This teaser is going to get a lot of attention from Gumshoe readers, partly because Stansberry Phase 1 Investor teasers always get a lot of attention (they usually tease a small stock and they charge $5,000 for the newsletter, which gives them an aura of awesomeness — deserved or not), and partly because the pitch is for a near-term takeover of a mining stock … and folks who like to trade love takeovers that bring quick returns. And, of course, recent Gumshoe readers will note that the last time Phase 1 teased a gold stock, it took off nicely — that was a very different situation, but it still sticks in the mind.
This time around Frank Curzio (he edits Phase 1) is teasing a mining stock that owns a big chunk of land next to one of the highest-grade gold mines in the world, and that he thinks will be taken over by the huge mining stock that owns that high-grade mine. So who is it?
Well, they try to obscure in the ad — here’s how they put it:
“Urgent Gold Information From Our Multimillionaire Contact, ‘J’ …
“The situation I’ve just come across is urgent. So I’ll get right to the point.
“I’ve just received information from a very credible source in the gold industry.
“It concerns an event that, when set in motion, could occur in less than 24 hours. And to the right people, could be worth $100,000 or more.
“In short, it has to do with two gold companies, one of which you’ve almost certainly heard of.
“If this event occurs, it may be the single most profitable opportunity of the year in the gold industry.
“It could hand you the chance at a 100% gain. Practically overnight.

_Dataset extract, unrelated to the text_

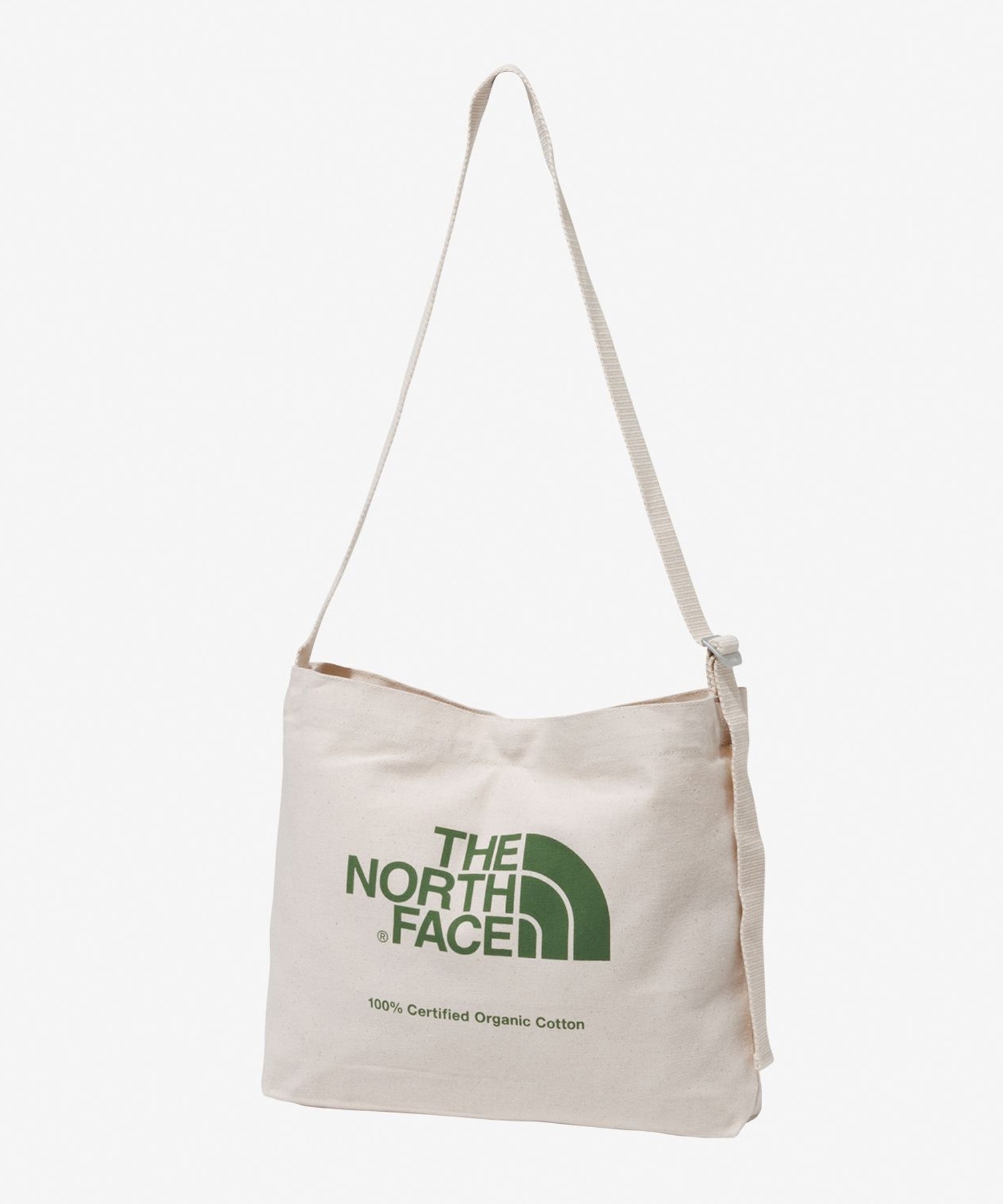 THE NORTH FACE/ザ・ノース・フェイス Organic Cotton Musette オーガニックコットンミュゼット ショルダーバッグ サコッシュ NM82387 NG(NG-ONESIZE)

And that’s a conservative estimate.”
This “J” that’s teased is apparently some muckety-muck in the gold biz who feeds good ideas to the Stansberry folks … here’s more on him:
“J has made a personal fortune in the gold markets on situations very similar to the one I’m about to show you.
“Please understand: I must conceal our contact’s name from you in this presentation…

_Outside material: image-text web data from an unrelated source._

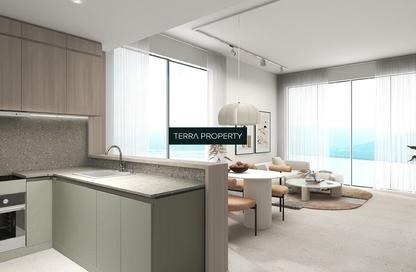 Apartment - 1 Bedroom - 2 Bathrooms for rent in Bayviews - Hayat Island - Mina Al Arab - Ras Al Khaimah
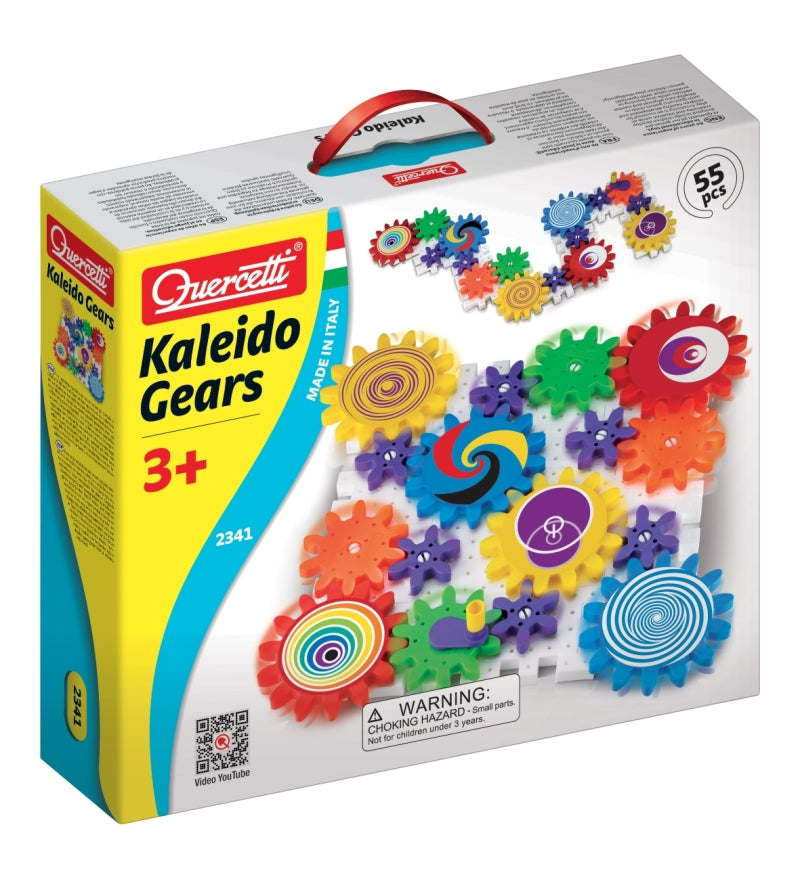 Quercetti Kaleido Gears
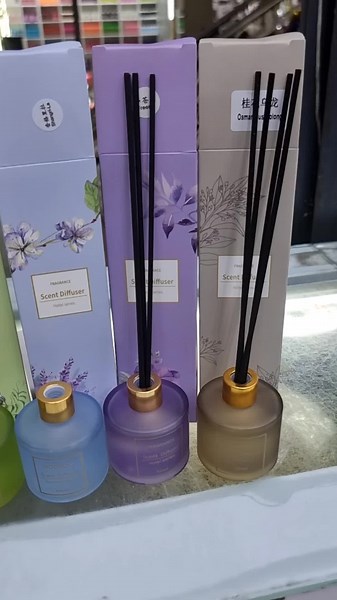 Reed Diffusers for Homes and Hotels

“…Because revealing this information would allow too many folks to figure out the details of this opportunity. It could ruin the profit potential for our most serious subscribers….
“… this gentleman is one of the most prominent analysts in the gold industry. Dozens of the biggest money managers in America and Europe follow his analysis. He personally knows and meets with top mining executives and geologists… And gets invited to visit the most promising mines in North America….
“… the Financial Times has gone on record as saying: Anyone looking into gold stocks should pay attention to [J’s] opinions.”
It doesn’t necessarily help us much in our search to ID the pick, but I can tell you that the secret “J” here is almost certainly John Doody, who runs Gold Stock Analyst and has a marketing relationship with Stansberry & Associates.
But more importantly, what is this gold stock? They start to sprinkle in a few clues …
“In addition to J’s information, we’ve also uncovered 6 separate pieces of evidence that point to this event – with near certainty…
“As I said, the situation involves two gold companies.
“For the sake of simplicity (and because circumstances require that I keep a lot of this information secret)… I’m going to call the two firms ‘Big Gold’ and ‘Tiny Gold’.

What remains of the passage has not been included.